My system with the c16 CPU and Gpu1
My system has 2 devices: the 32bit c16 CPU and Gpu1 and I call it the nova system.
The c16 is connected to Gpu1 with a 32 bit bus (point to point) and there is an interrupt line connected from the GPU to the CPU.
The GPU triggers an interrupt (interrupt 8 in the CPU) at the end of each frame, 60 times per second.
┏━━━━━━━━━┓ ┏━━━━━━┓ ┏━━━━━━┓
Buttons━━━▶┃ c16 CPU ┃◀━━━▶┃ Gpu1 ┃━━━▶┃ LCD ┃
┃ RAM ┃ 32b ┃ RAM ┃ 18b┃ ┃
┗━━━━━━━━━┛ ┗━━━━━━┛ ┗━━━━━━┛
Address map from the CPU, starting from higher addresses:
- 0xFFFFFFF8 CPU flags
- 0xFFFFFFF0 pc
- 0xFFFFFFE8 rsp return address sp
- 0xFFFFFFE0 dsp data address sp
- 0xFFFFFFD8 itb interrupt table address
- 0xFFFFFFD0 RESERVED
- 0xFFFFFFC8 clkcnt clock counter
- 0xFFFFFFC0 icnt instruction counter
- 0xE8000000 GPU default color, 128 sprites, 16 palettes, sprite pixel data
- 0xE0060060 division check device in testbench (simulator only)

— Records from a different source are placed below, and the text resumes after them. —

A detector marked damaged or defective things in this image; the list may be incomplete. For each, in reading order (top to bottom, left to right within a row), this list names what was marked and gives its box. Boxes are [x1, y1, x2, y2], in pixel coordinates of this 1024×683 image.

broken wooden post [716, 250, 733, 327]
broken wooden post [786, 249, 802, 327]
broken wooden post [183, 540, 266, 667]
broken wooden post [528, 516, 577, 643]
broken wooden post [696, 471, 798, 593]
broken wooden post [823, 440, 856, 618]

- 0xE0060040 simulation controler
- 0xE0060000 button states
- bit 11: a
- bit 10: b
- bit 9: x
- bit 8: y
- bit 7: up
- bit 6: down
- bit 5: left
- bit 4: right
- bit 3: l
- bit 2: r
- bit 1: start
- bit 0: select
- 0xE0000010 Print to stdout (emulator only)
- 0xE0000000 Boot ROM (emulator only)
- 0x00000000 RAM
The system runs at 100mhz in an ARTIX7 FPGA, 512KB RAM is divided between the CPU and the GPU and the LCD resolution is 720x480 pixels.

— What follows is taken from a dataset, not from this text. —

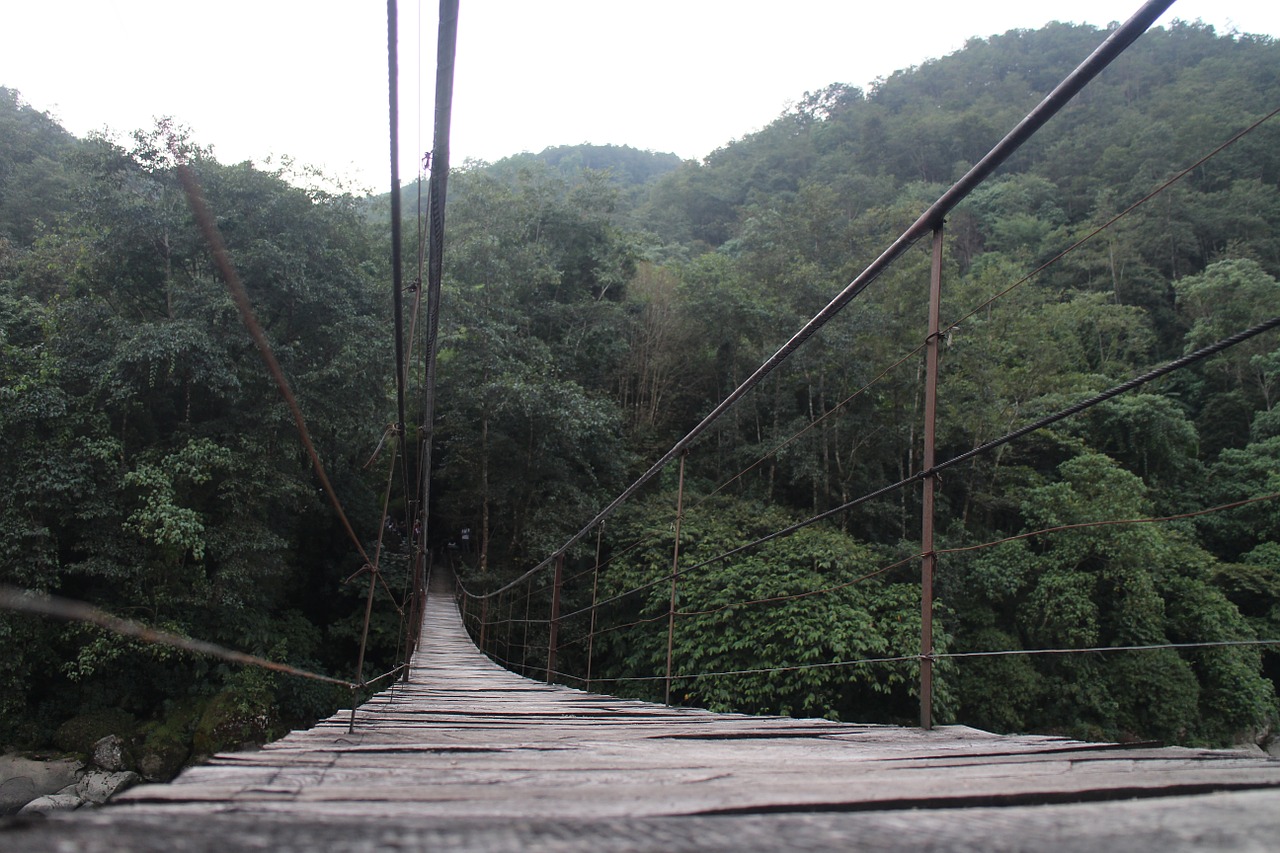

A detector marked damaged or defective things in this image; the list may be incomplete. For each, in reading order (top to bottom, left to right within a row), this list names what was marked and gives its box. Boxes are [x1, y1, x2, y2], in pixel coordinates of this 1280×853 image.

rusty metal post [542, 555, 563, 681]
rusty metal post [665, 450, 686, 701]
rusty metal post [921, 220, 942, 722]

I created an emulator of this system, it uses SDL to display the images from the GPU.
There are 3 demos, these demos have sprites on the 4 planes. The first one is stars scrolling vertically.

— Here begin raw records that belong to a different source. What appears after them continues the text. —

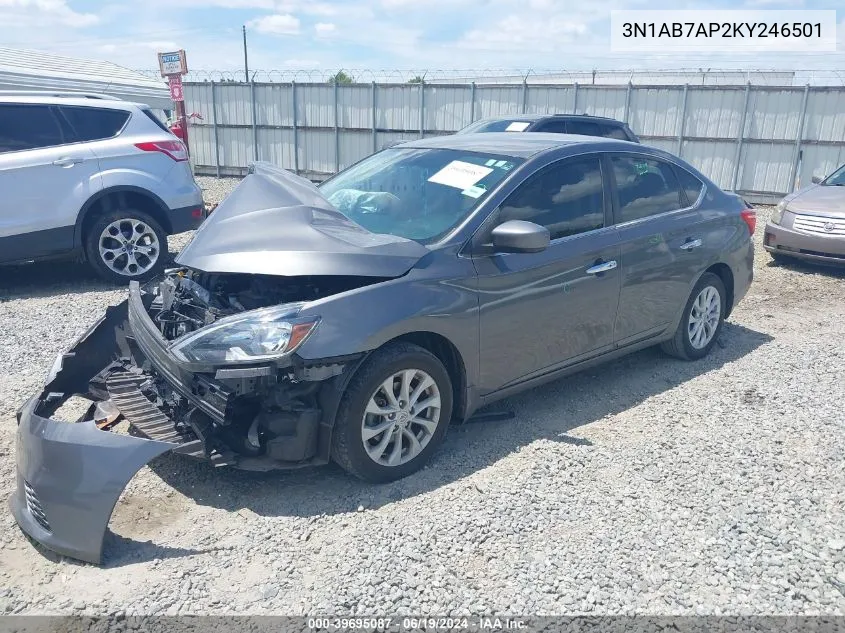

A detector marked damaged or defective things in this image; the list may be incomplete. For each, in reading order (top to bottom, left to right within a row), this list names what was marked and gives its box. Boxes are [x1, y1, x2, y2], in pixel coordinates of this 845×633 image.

crumpled hood [178, 162, 428, 276]
crumpled hood [780, 184, 844, 218]
broken headlight [170, 302, 318, 362]
detached front bumper cover [8, 300, 177, 564]
damaged front end [11, 270, 374, 564] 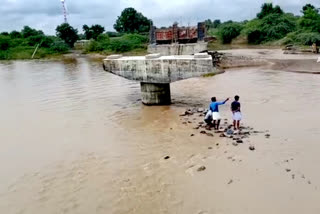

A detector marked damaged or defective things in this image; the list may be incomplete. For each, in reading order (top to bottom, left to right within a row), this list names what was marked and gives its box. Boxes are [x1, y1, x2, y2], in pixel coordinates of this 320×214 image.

broken bridge pier [104, 53, 216, 105] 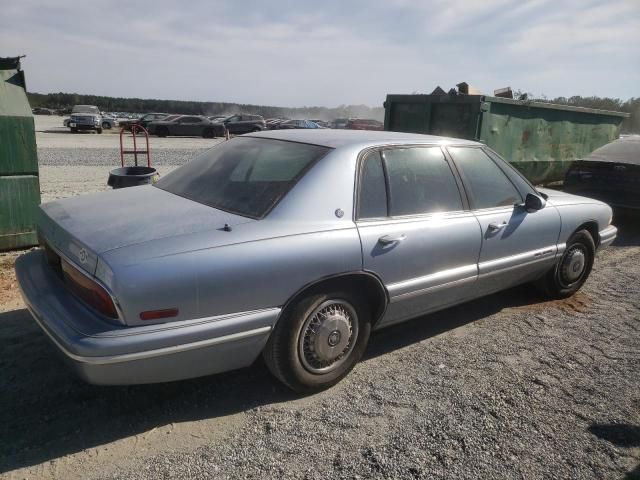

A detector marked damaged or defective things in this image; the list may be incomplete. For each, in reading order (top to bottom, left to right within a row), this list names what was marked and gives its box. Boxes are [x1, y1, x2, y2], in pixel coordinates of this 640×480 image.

rusty metal dumpster [0, 56, 40, 249]
rusty metal dumpster [384, 93, 632, 184] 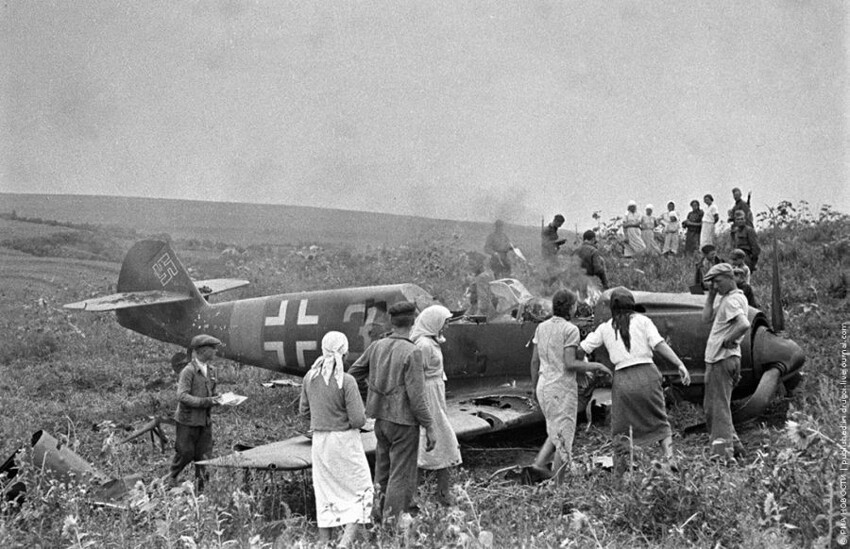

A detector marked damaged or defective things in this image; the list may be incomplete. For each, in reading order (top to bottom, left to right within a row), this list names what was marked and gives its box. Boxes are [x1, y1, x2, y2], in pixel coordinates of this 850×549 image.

crashed airplane [64, 238, 800, 468] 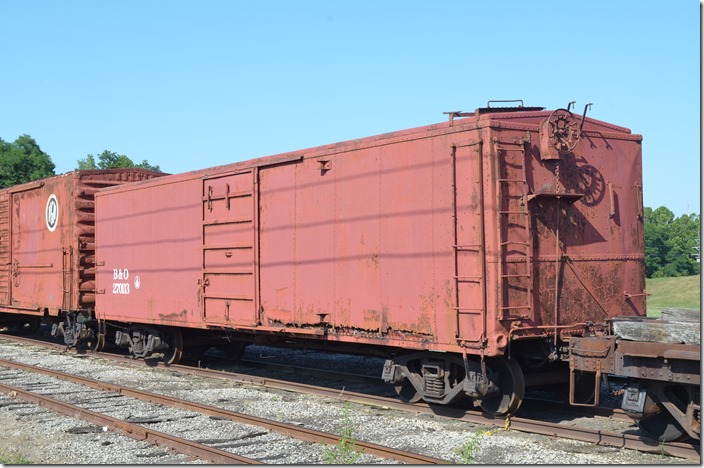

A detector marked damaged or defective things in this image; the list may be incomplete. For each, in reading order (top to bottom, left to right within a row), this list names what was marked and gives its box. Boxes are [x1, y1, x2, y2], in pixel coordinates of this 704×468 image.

rusty red boxcar [0, 170, 162, 342]
rusty red boxcar [95, 104, 648, 414] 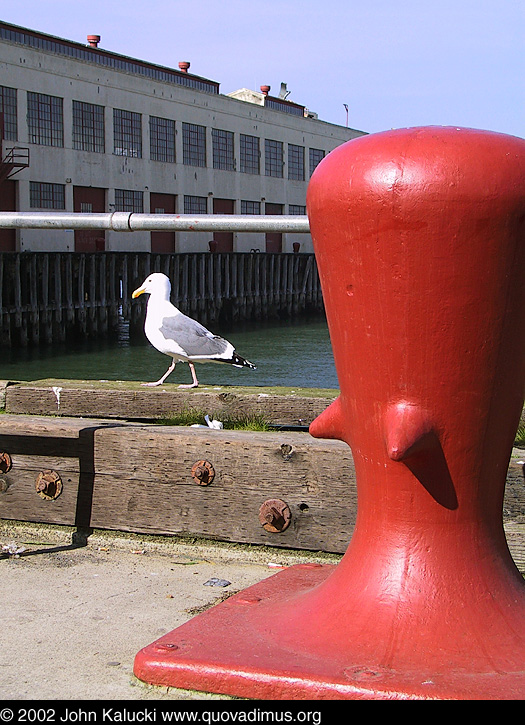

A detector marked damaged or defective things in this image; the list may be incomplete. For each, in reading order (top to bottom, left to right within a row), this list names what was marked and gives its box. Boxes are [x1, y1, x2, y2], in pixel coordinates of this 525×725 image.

rusty bolt [35, 470, 62, 498]
rusty bolt [190, 458, 215, 486]
rusty bolt [258, 498, 290, 532] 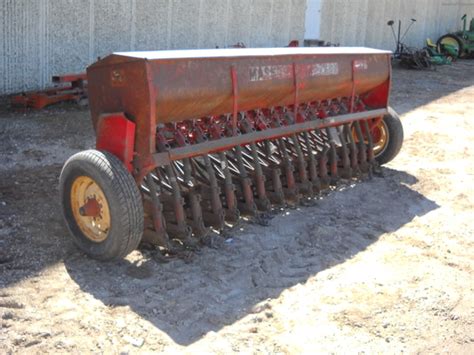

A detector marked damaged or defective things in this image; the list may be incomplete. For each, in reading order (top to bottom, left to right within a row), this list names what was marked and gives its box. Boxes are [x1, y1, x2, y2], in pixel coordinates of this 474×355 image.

rusty metal [85, 46, 392, 248] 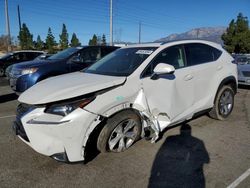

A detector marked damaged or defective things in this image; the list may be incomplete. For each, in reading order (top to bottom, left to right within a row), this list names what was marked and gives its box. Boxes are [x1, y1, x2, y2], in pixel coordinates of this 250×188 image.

crumpled hood [18, 71, 126, 104]
broken headlight [44, 97, 95, 116]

In the second demo, the TREX from the offline chrome game is animated on screen.

The third demo is the word NOVA and a big star scrolling down.

Each sprite has 2 colors and there are 16 palettes, so the GPU can display 32 colors simultaneously.
Programing this system
In the hardware implementation, the CPU boots at address 0x0 and in the emulator, it boots at address 0xE0000000 and the boot rom jumps to address 0x0.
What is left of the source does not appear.